Hi, I am designing a database that will have a lot of recursive relationships that can be best described as: Container/Containee – One record may reference several sub-records or several container records. Original/Derivative – One record is the "original" but we need to track many derivitaves of the original. In this case, each record (whether it is a container/containee/original/derivative) will still need to be treated as a seperate record of equal "standing" in the database. Is this a common problem and if so are there any recommended "Best Practices"? Any recommendations or suggestions for the architecture of this would be appreciated. Thank you, Paul
I would recommend looking at this article: http://searchdatabase.techtarget.com/tip/1,289483,sid13_gci537290,00.html The article is by Joe Celko, and in my opinion shows the best way to represent trees and hierarchies in SQL databases that I have seen.

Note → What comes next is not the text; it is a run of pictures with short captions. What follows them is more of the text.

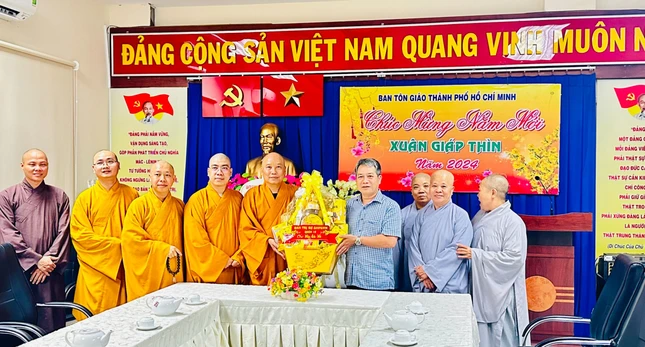 Chúc Tết tại Ban Tôn giáo TP.HCM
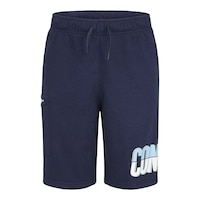 Converse Boys' Logo Graphic Shorts, Kids', French Terry, Elastic Waistband, Pockets Front_Flat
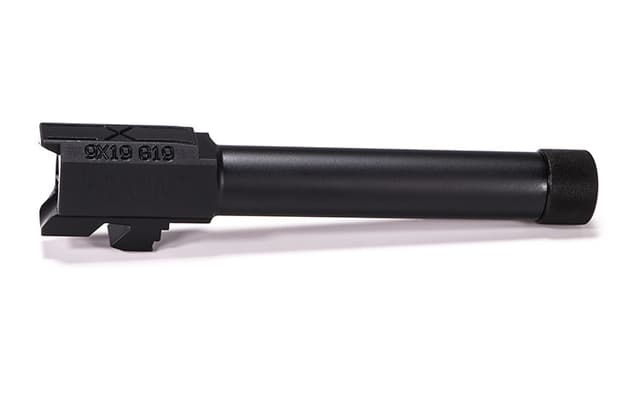 Faxon Firearms Glock G19 Threaded Barrel 4150 Steel Nitride Finish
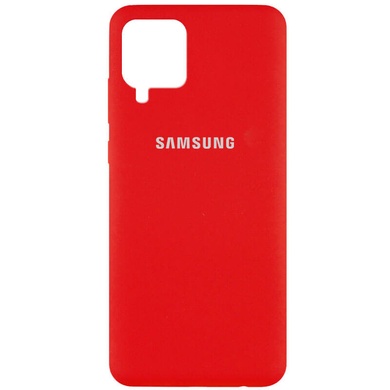Чехол Silicone Cover Full Protective (AA) для Samsung Galaxy A42 5G Красный / Red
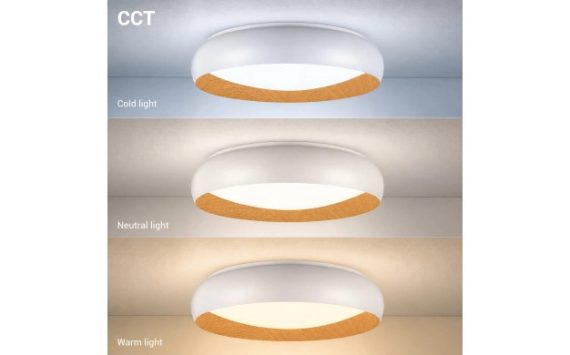 Optonica LED mennyezeti lámpa 36W CCT fehér-fa – 12808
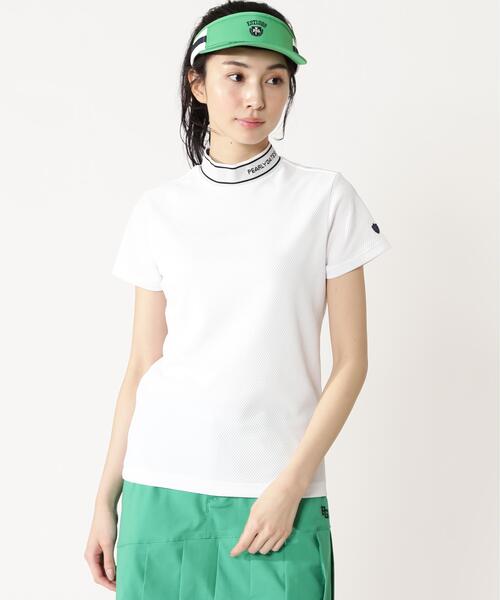 PEARLY GATES(パーリーゲイツ)の「【PEARLY GATES】ELACTION格子ジャガード(Tシャツ/カットソー・レディース・ネイビー/ホワイト/グリーン系その他・SMALL/LARGE/MEDIUM)」の17枚目の写真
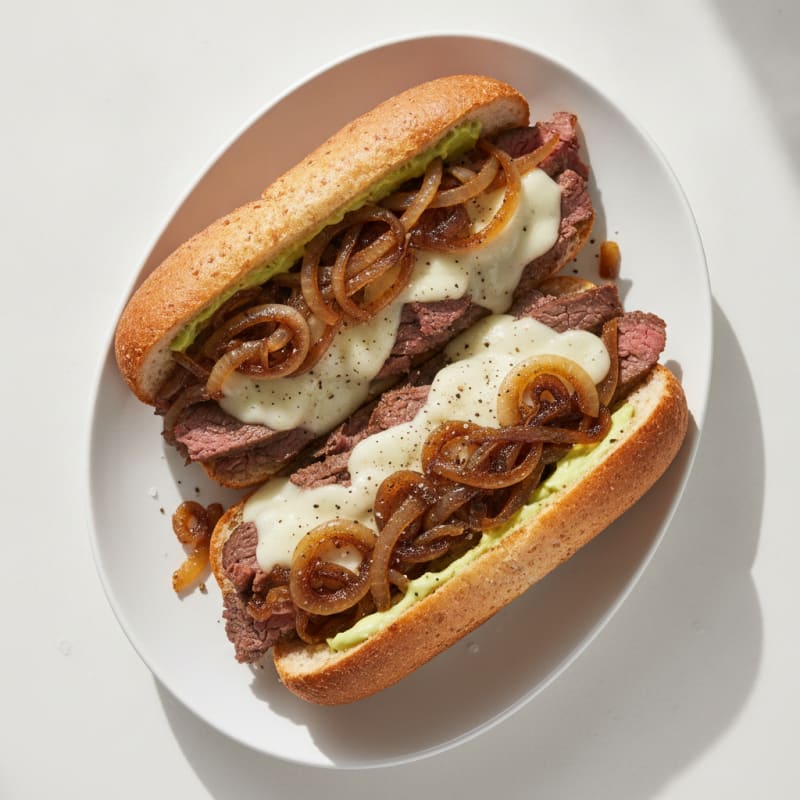 Classic Philly Cheesesteak with Onions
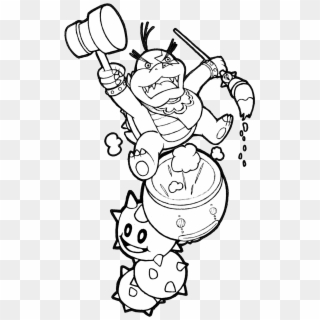 Wendy O Koopa Coloring Pages Coloring Pages - Morton Koopa Coloring Page Clipart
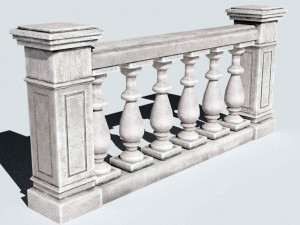 Balustrade 3D-Modell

I have used the adjacency list model before, and while adjacency lists are easy to run ad hoc queries on, the nested set model is much better if you want a more reliable database structure. In the article Joe even provides sample queries to do some of the most common tasks using a hierarchy. A small tip from my experience using hierarchies:
In databases that I have used the nested set model (or the adjacency list model for that matter) I have found that seperating the hierarchy data into a seperate table is usually a good idea. If you need to add or remove a hierarchy that relates to the same data it is much easier.
Thank you for the reply and link. This is good information!